There has been a lot of work towards CT 2.0, especially by David Golden
and Ricardo Signes, but there is still work to be done before we can
actually implement these kinds of queries.

It is coming, and it will be awesome (tm) :)

Martin J. Evans

unread,

Nov 23, 2009, 3:11:47 PM11/23/09

to Barbie, Tim Bunce, cpan-teste...@perl.org

Barbie wrote:
> Hi Tim,
>
>> I've been meaning to ask, though, about the diminishing returns from
>> further growth in the number of "typical" testers. Each new tester with a
>> "typical" perl & platform adds far less value now than a new tester with
>> a more unusual perl config & platform.
>>
>> I wonder if more could be done to encourage testers, especially those
>> running automated smoke testing, to test with a wider range of perl
>> configurations. For example enable/disable: usethreads, usemultiplicity,
>> use64bitint, use64bitall, uselongdouble, usemymalloc, etc.

I am running a smoker on Linux (x86) and as of today, one on AIX 5.1
(64bit powerpc) - 27000 reports so far but slowing now I've done pretty
much everything once. I've so far made no attempt to build a perl other
than with the defaults but I am happy to rebuild the ones I do run with
a more unusual configuration. If someone wants to suggest a
configuration for the 2 I do I will happily rebuild them tomorrow.

The Linux one currently is:

config_args='-Dprefix=/home/cpantester/perl10 -de'
hint=recommended, useposix=true, d_sigaction=define
useithreads=undef, usemultiplicity=undef
useperlio=define, d_sfio=undef, uselargefiles=define, usesocks=undef
use64bitint=undef, use64bitall=undef, uselongdouble=undef
usemymalloc=n, bincompat5005=undef

and the AIX one is:

argh - cannot tell you as we only have a one user license and I cannot
login from home whilst the smoker is running.

> This is one area I do try and encourage people to think about when I do
> the BOFs at YAPCs. However, the emphasis previously has been more at
> encouraging testing on under represented platforms.
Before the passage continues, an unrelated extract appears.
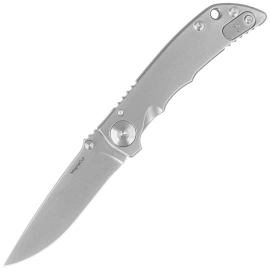 Nóż składany Spartan Blades Harsey Folder 3.25 Gray Titanium, Gray HW, Stonewashed MagnaCut by William W. Harsey Jr. (SF10SW)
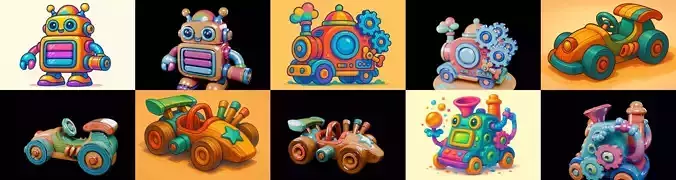 Wood Toy bundle 9 pack 100 glb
As we are posting 1M reports every 3 months (so I hear) perhaps now is a
good time to try and expand the configurations. I didn't see any advice
on the wiki regarding this.

>> Related to that is the fact it's hard to explore the cpan-testers data
>> looking for results for platforms that match a given set of those
>> configuration options.
>
> Currently the information just isn't stored in the stats data, though it
> does reside in most of the articles (alas not all). However, part of
> the plan for CPAN Testers 2.0, is to store this information so that it
> can be queried and you can have a complex query to discover exactly what
> you want.
>
> There has been a lot of work towards CT 2.0, especially by David Golden
> and Ricardo Signes, but there is still work to be done before we can
> actually implement these kinds of queries.
>
> It is coming, and it will be awesome (tm) :)
>
> Cheers,
> Barbie.

BTW, 6000000 reports - well done. SALVA++.

Martin

David Golden

unread,

Nov 23, 2009, 3:18:34 PM11/23/09

to Barbie, Tim Bunce, cpan-teste...@perl.org

The "plan" for 2.0 is to use Config::Perl::V to provide a meaningful subset
of Config and capture it as structured data.

More generally, I'd like to see more "every day" users configure smoke
reporting, so we get real world perls with diverse versions of prereqs,
PERL5LIB, odd install locations, etc. as they go about their day to day use
of CPAN.

Smoke reporting is good, but not enough.

CT2.0 work will resume once I discharge my toolchain obligations in
preparation for Perl 5, Version 12.

David

Tim Bunce

unread,

Nov 23, 2009, 10:41:20 AM11/23/09

to Barbie, cpan-teste...@perl.org

On Mon, Nov 23, 2009 at 01:43:16PM +0000, Barbie wrote:
> Subject: Re: Six Million Reports!
> http://blog.cpantesters.org/diary/58

That's wonderful!

I've been meaning to ask, though, about the diminishing returns from
further growth in the number of "typical" testers. Each new tester with a
"typical" perl & platform adds far less value now than a new tester with
a more unusual perl config & platform.

I wonder if more could be done to encourage testers, especially those
running automated smoke testing, to test with a wider range of perl
configurations. For example enable/disable: usethreads, usemultiplicity,
use64bitint, use64bitall, uselongdouble, usemymalloc, etc.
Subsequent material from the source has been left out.